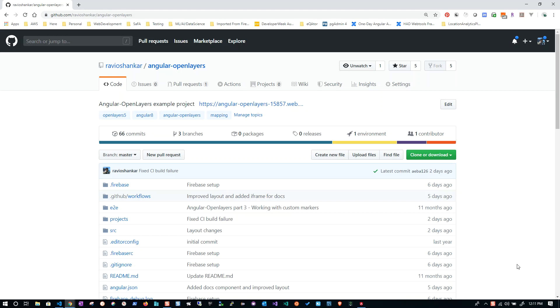Hello everyone, this is Ravi here. You might have visited my earlier examples I recorded regarding Angular OpenLayers. This is just an addition to that. I have done quite a lot of changes to my example application that I posted on GitHub. Right now you can see on my screen, with these new changes I'm aiming to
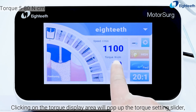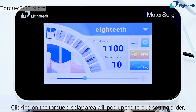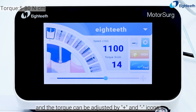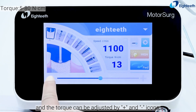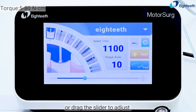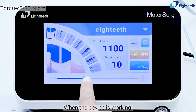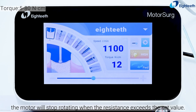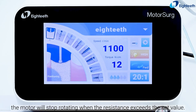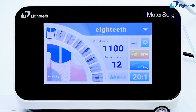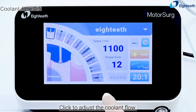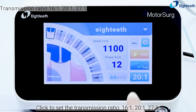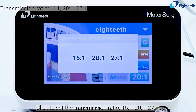Clicking on the torque display area will pop up the torque setting slider, and the torque can be adjusted by plus and minus icons or by dragging the slider. When the device is working, the motor will stop rotating when the resistance exceeds the set value. Click to adjust the coolant flow.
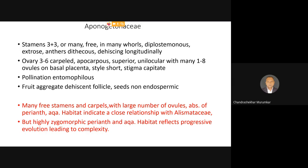The style is very short with a capitate stigma. Since the flowers come up in the air, the pollination is by insects — it is entomophilous. The fruit is an aggregate fruit because the whole inflorescence is converted into a fruit and the ovaries are free. It is a dehiscent follicle — it is fleshy, and that is why it is a follicle. The seeds are non-endospermic. It is a very interesting family having many free branched stamens and many free carpels with many ovules on the basal placenta.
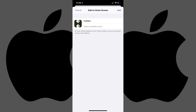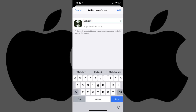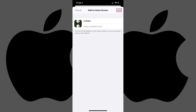Step 4: The icon that will appear on your home screen, a name for the website shortcut, and the URL will automatically populate. While you can't edit the icon or the URL, you can tap to change the name of the website shortcut icon. Tap Add after making any changes.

* [REQUIRED ACTION] Give back the full listing verbatim, skipping each picture.

* [RESPONSE FOR THIS EXERCISE]
Hello everyone, this is Ravi here. You might have visited my earlier examples I recorded regarding Angular OpenLayers. This is just an addition to that. I have done quite a lot of changes to my example application that I posted on GitHub. Right now you can see on my screen, with these new changes I'm aiming to
Clicking on the torque display area will pop up the torque setting slider, and the torque can be adjusted by plus and minus icons or by dragging the slider. When the device is working, the motor will stop rotating when the resistance exceeds the set value. Click to adjust the coolant flow.
The style is very short with a capitate stigma. Since the flowers come up in the air, the pollination is by insects — it is entomophilous. The fruit is an aggregate fruit because the whole inflorescence is converted into a fruit and the ovaries are free. It is a dehiscent follicle — it is fleshy, and that is why it is a follicle. The seeds are non-endospermic. It is a very interesting family having many free branched stamens and many free carpels with many ovules on the basal placenta.
Step 4: The icon that will appear on your home screen, a name for the website shortcut, and the URL will automatically populate. While you can't edit the icon or the URL, you can tap to change the name of the website shortcut icon. Tap Add after making any changes.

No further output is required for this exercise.